CoAct-1’s capabilities were rigorously tested on OSWorld, a comprehensive benchmark featuring 369 real-world tasks spanning browsers, integrated development environments, and office applications. The results are compelling: CoAct-1 achieved a new state-of-the-art success rate of 60.76%. The performance gains were particularly pronounced in categories where programmatic control offers a distinct advantage, such as OS-level tasks and multi-application workflows. For instance, consider an OS-level task like finding all image files within a complex folder structure, resizing them, and then compressing the entire directory. A purely GUI-based agent would necessitate a long, error-prone sequence of clicks and drags. CoAct-1, conversely, can delegate this entire workflow to its Programmer agent, which can accomplish the task with a single, robust script. Beyond higher success rates, the system is dramatically more efficient, solving tasks in an average of just 10.15 steps, a stark improvement over the 15.22 steps typically required by leading GUI-only agents like GTA-1. This efficiency is critical, as researchers observed a clear trend: tasks requiring more actions are more likely to fail. By reducing the number of steps, CoAct-1 not only speeds up task completion but, more importantly, minimizes opportunities for error, paving a more robust and scalable path toward generalized computer automation.
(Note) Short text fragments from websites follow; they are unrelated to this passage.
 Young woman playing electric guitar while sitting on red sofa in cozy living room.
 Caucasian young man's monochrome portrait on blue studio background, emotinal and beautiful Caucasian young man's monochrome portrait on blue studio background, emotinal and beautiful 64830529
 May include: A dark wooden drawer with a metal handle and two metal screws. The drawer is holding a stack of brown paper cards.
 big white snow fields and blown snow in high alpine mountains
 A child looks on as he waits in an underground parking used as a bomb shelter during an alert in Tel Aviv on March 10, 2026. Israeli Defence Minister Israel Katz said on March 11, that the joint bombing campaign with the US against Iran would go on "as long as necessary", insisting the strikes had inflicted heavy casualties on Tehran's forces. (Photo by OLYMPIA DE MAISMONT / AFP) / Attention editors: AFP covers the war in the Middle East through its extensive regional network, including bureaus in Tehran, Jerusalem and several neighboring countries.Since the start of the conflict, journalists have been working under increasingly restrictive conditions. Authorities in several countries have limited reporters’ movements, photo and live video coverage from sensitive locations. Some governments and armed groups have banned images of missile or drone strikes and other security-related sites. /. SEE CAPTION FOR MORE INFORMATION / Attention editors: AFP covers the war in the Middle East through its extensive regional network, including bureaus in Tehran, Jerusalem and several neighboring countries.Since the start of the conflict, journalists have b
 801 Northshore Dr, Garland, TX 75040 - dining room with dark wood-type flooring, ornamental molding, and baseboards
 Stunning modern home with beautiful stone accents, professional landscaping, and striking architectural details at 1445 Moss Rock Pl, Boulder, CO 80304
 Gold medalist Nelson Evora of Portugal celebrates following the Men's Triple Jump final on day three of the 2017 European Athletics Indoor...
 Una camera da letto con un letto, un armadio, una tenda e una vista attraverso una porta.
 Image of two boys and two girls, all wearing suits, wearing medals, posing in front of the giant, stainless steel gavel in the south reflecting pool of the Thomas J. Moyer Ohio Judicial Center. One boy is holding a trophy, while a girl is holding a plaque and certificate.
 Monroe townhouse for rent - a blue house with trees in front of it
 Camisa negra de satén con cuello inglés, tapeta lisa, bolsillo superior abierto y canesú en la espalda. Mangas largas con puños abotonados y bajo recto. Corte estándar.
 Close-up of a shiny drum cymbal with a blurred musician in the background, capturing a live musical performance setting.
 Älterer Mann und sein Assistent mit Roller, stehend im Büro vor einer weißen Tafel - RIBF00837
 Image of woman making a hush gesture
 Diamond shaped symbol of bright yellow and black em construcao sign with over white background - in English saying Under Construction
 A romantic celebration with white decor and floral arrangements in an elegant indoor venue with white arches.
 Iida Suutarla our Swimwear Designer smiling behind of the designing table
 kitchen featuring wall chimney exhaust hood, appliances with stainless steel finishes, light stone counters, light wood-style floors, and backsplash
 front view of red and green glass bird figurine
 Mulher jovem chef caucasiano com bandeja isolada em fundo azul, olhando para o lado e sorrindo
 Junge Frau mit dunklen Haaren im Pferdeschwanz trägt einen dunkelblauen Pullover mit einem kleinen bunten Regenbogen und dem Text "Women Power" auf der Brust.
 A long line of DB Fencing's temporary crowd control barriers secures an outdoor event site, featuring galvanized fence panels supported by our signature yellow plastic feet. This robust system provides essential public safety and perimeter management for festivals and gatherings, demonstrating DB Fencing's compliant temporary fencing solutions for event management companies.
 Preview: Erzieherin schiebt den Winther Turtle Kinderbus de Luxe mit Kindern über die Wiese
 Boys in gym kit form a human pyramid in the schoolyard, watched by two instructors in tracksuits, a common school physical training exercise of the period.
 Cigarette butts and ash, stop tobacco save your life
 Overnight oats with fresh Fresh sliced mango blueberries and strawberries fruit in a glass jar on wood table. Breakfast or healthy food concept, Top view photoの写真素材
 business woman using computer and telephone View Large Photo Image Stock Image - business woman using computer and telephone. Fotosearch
The potential implications of this technology extend far beyond general productivity, offering significant value to enterprise leaders seeking to automate complex, multi-tool processes where full API access is often a luxury. Ran Xu, a co-author of the paper and Director of Applied AI Research at Salesforce, highlights customer support as a prime example. Service agents frequently utilize a diverse array of tools—from general platforms like Salesforce to industry-specific applications such as EPIC for healthcare, alongside numerous customized tools—to address customer requests. Many of these tools lack API access, making them ideal candidates for CoAct-1, which can leverage whatever interaction method is available, be it API, code, or direct screen interaction. Xu also identifies high-value applications in sales, such as large-scale prospecting and automated bookkeeping, and in marketing for tasks like customer segmentation and campaign asset generation.

Despite its impressive benchmark performance, real-world enterprise environments present unique challenges, including legacy software and unpredictable user interfaces. This raises critical questions regarding robustness, security, and the necessity of human oversight. Ensuring the Orchestrator agent makes the correct choice when faced with an unfamiliar application is a core challenge. According to Xu, making agents like CoAct-1 robust for custom enterprise software involves extensive training in realistic, simulated environments. The ultimate goal is a system where the agent can learn from human agents, train in a sandbox, and then operate live under human guidance and guardrails. The Programmer agent’s ability to execute its own code also introduces obvious security concerns, particularly the risk of executing harmful code based on ambiguous user requests. Xu emphasizes that robust containment is paramount, with access control and sandboxing being key. A human must understand the implications and grant AI access for safety. Sandboxing and guardrails will be critical for validating agent behavior before deployment on sensitive systems. Ultimately, for the foreseeable future, overcoming ambiguity will likely necessitate human involvement. Xu envisions a phased approach, starting with a human-in-the-loop for all tasks, with some eventually achieving full autonomy. However, for mission-critical operations, human validation will remain crucial, ensuring safety and accuracy.